Why Do We Bother With Eventual Consistency?

published on 22 January 2018 in Architecture

Eventual Consistency (EC) is viewed as a necessary evil most of the time. The simple CRUD unit of work, which ensures all data changes are performed successfully is deeply ingrained into our brains as developers. This is our default approach and only when dealing with distributed apps or Event Sourcing and CQRS etc we begrudgingly tolerate that eventual consistency, because we have to!

People who view EC as normal will tell you that this is how the real world works and usually a business transaction is by its nature eventual consistent and we're doing DDD so you should accept it, like it or not! But let's see, why most real world processes are EC?

Let's take the "buying from your favourite burger/coffe joint" example and let's pretend we're the manager and we like the CRUDy unit of work approach where every change should be part of a unit of work. The client orders, then pays with credit card,then waits for the order to be fulfilled. Let's say the payment failed. Great, the order is automatically canceled (rollback) and everyone is happy, right? Then the client tries again but paying cash this time. The order is sent again, payment is received and now we're waiting for the product.
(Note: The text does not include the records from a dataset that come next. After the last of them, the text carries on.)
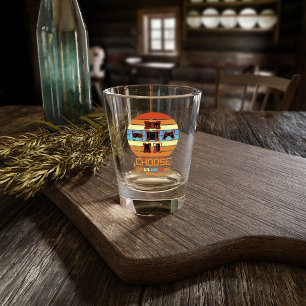 Choose Your Weapon - Retro Video Game Shot Glass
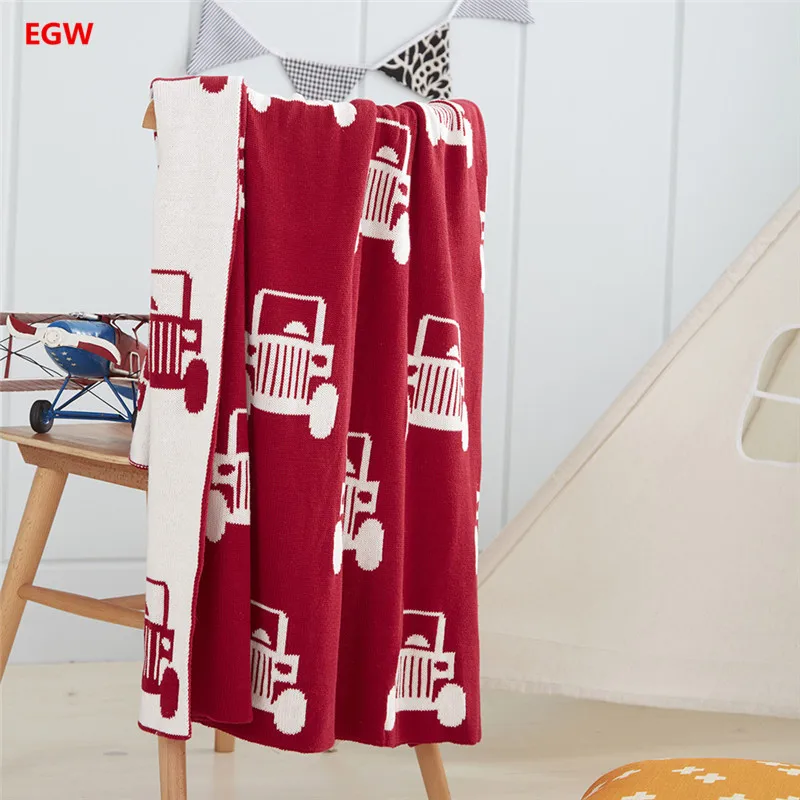 Домашний текстиль вязаное одеяло в стиле ретро с машинкой хлопковая накидка на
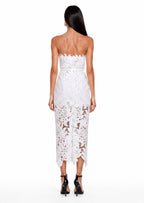 Gabryle Strapless Lace Midi Bandage Dress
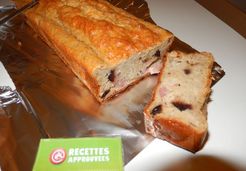 Cake chèvre lardons et olives - Raphaelle M.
Once that's done, we consider that business transaction (process) complete. Now, imagine this process for an online shop who has to deal with shipments as well.

What's wrong with the above approach? For starters, it's kinda stupid to cancel the order (think about the waste and lost time), just because some step in the process has temporarily failed. Secondly, each customer would have to wait (synchronously) until the process end successfully. For a popular business this means low productivity and huge lines and unhappy customers. And I can guarantee that in a matter of hours if not sooner, someone will try to optimize the process by reverting to how the process works today in the real world i.e eventually consistent.

Clearly, when dealing with a process that involves long running operations (each domain has their own standard of what 'long' means) eventual consistency is the natural way to make the process scalable. As you can see, nothing related to things like CQRS or technical methodologies, it's just the way the domain works.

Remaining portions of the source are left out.